The answer should consist of the full listing below, repeated exactly and free of pictures.
Supplied information Start Marker
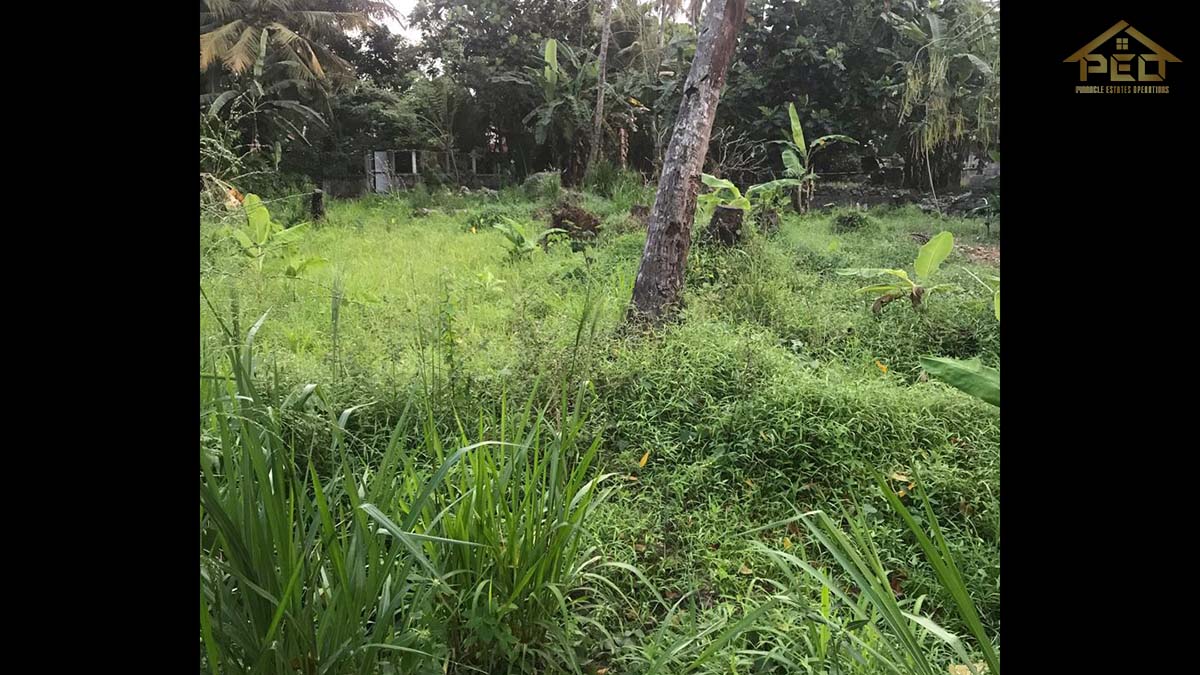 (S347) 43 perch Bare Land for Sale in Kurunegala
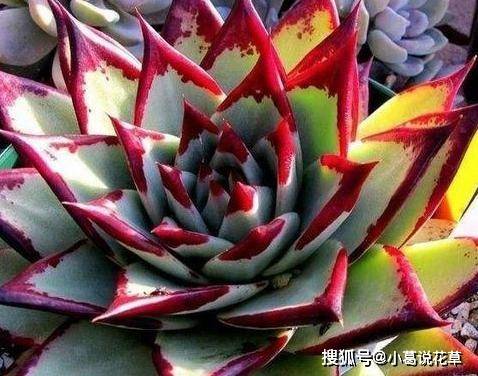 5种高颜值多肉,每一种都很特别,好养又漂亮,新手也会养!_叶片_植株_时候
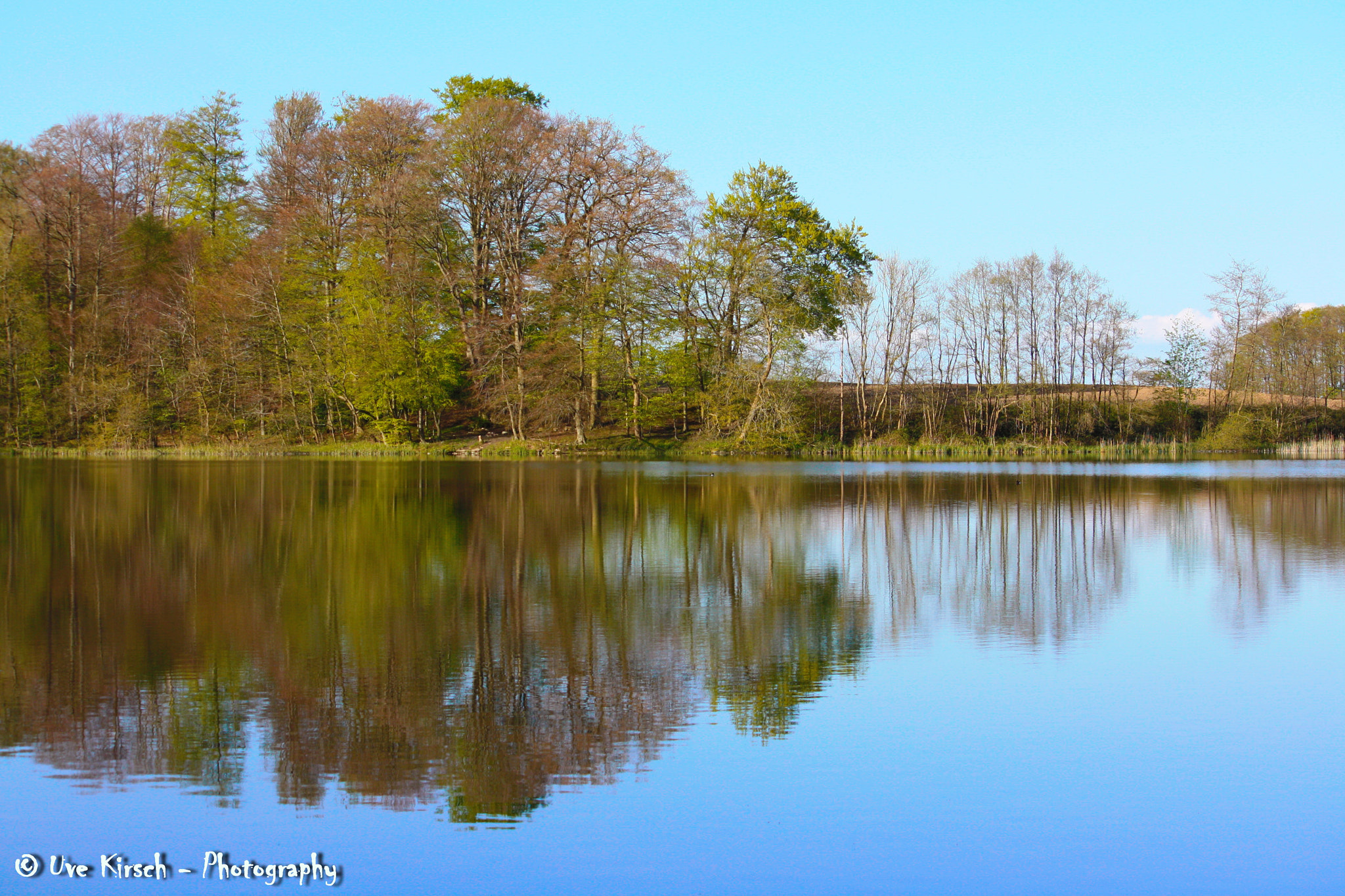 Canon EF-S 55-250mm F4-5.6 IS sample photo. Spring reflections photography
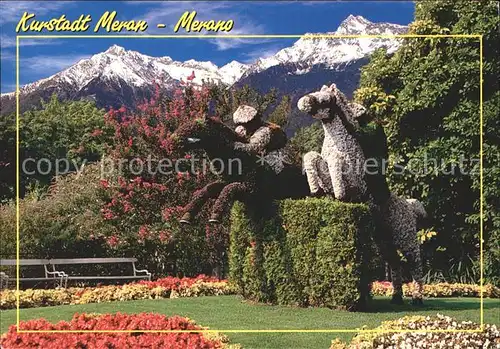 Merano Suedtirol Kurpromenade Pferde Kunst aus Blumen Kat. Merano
Supplied information End Marker
Output for this exercise ▸
 (S347) 43 perch Bare Land for Sale in Kurunegala
 5种高颜值多肉,每一种都很特别,好养又漂亮,新手也会养!_叶片_植株_时候
 Canon EF-S 55-250mm F4-5.6 IS sample photo. Spring reflections photography
 Merano Suedtirol Kurpromenade Pferde Kunst aus Blumen Kat. Merano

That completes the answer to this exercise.